# Solved: Problems with backscatter



## srhoades (May 15, 2003)

I have a client that is all of a sudden getting deluged with outgoing [email protected] NDR emails. I have verified the server is not an open relay. I have GFI mail essentials installed but it is processing the emails as legitimate. I thought one of the machines may be infected, however I checked them all and I am almost 100% sure they turn off their machines at the end of the day and the emails continue. Oddly enough, if I stop SMTP, delete the queue, and then start SMTP the emails will stop, sometimes for as long as 12 hours. At this point I don't know what to do.


----------



## Rockn (Jul 29, 2001)

Are the emails originating from the clients server and is there a postmaster account?


----------



## srhoades (May 15, 2003)

I don't believe the emails are originating from the clients server. The header says
Received: from User ([INSERT NOT CLIENTS IP]) by CLIENTSDOMAIN.com with Microsoft SMTPSVC(6.0.3790.4675);

It also show a message id of
[email protected]

And User is the actual text, and no there is no user user on the domain.

And there is no actual postmaster account, beside the built in alias.

On second inspection, GFI is showing the actual SPAM going outbound from where the NDR's are coming from. There were in fact 2 users logged on last night. I checked both of their computers for malware, again, and changed both of their passwords (I know one had a very weak password) and shut down their machines. For now the emails have stopped.

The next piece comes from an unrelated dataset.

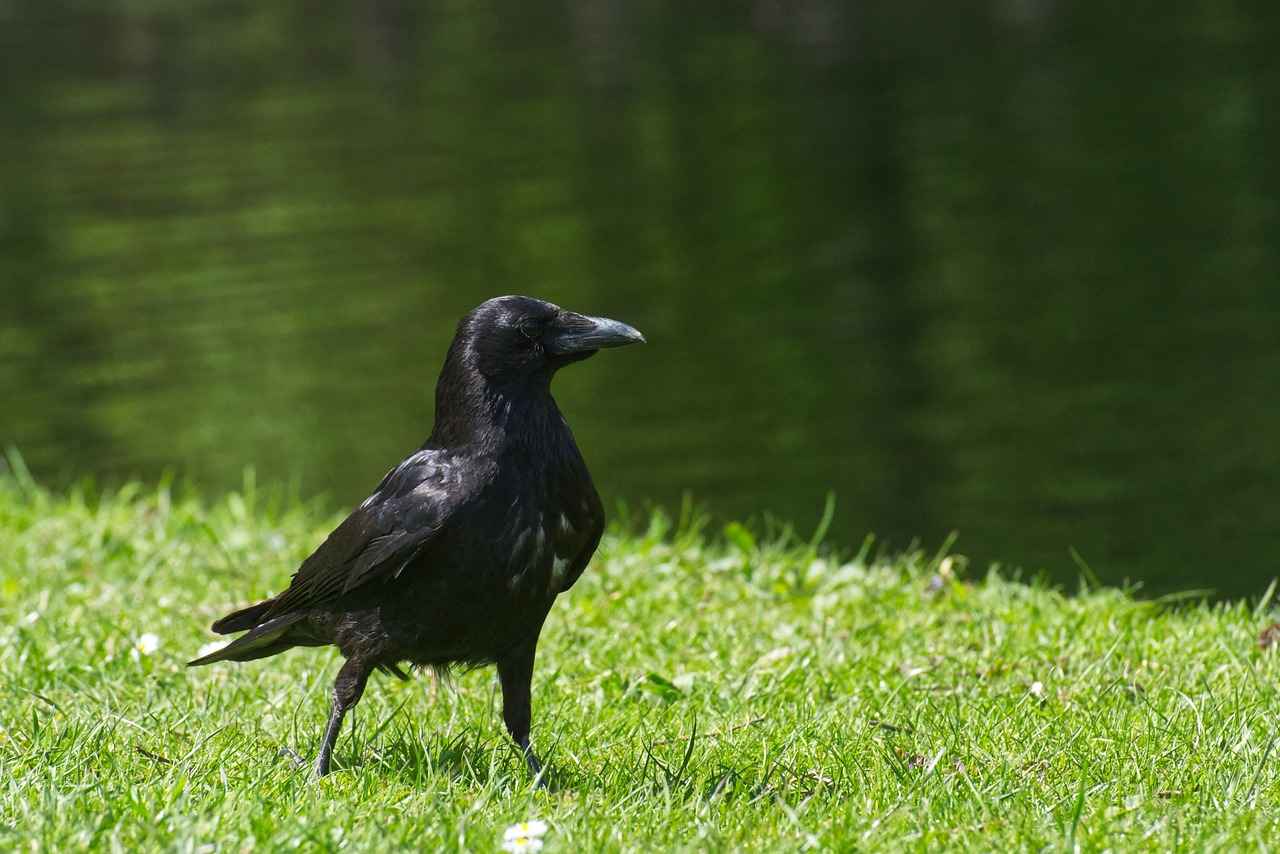 Baltimore Ravens vs Kansas City Chiefs Match Player Stats 8 Injury Impacts on Player Performance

The server was also a bit behind in updates so perhaps it was an exploit.


----------



## Rockn (Jul 29, 2001)

Someone is just spoofing a non existent user on that domain. You can block that address in Exchange without generating an NDR, it will just drop the email.


----------



## srhoades (May 15, 2003)

How are they able to do that without exchange credentials? The SPAM messages are showing up in the outgoing queue, followed by the NDR's.


----------



## Rockn (Jul 29, 2001)

I thought they were originating from outside of the domain? Apparently someone is either relaying or you have a trojan on the loose somewhere.


----------



## srhoades (May 15, 2003)

I thought they were at first as well, because all I saw was thousands of postmaster NDRS in the queue, but mixed among them are the actual outgoing SPAM messages themselves.


----------



## srhoades (May 15, 2003)

And if it is a trojan it is hiding very well. I've scanned with both malwarebytes and ComboFix.


----------



## Rockn (Jul 29, 2001)

I would think the sever has the trojan. Are these messages actually routing through GFI before the Exchange server gets them?


----------



## srhoades (May 15, 2003)

I believe so, but am not 100% sure.


----------



## srhoades (May 15, 2003)

I don't think it is the server just because the emails are not constant. Since I shut down the two computers that were left on the emails have stopped. The SPAM messages claim they are being created in outlook express. One of the computers I shut down had an old outlook express account configured for POP access to the server, but that is old as it is no longer configured for POP. That computer is also extremely behind on Windows updates, as in it only has SP2 but I still don't find anything when scanning it for trojans.


----------



## srhoades (May 15, 2003)

I'm also wondering if someone had cracked one of the weak passwords and was somehow using OWA to send the SPAM through.


----------



## Rockn (Jul 29, 2001)

Scanning with malware scanners generally will not catch a trojan or an SMTP server running on the workstation. You could probably run something like Wireshark on the server to see where exactly they are coming from, but I think you have already sorted out where they are coming from.


----------



## srhoades (May 15, 2003)

I use malwarebytes all the time to find trojans. What would you recommend?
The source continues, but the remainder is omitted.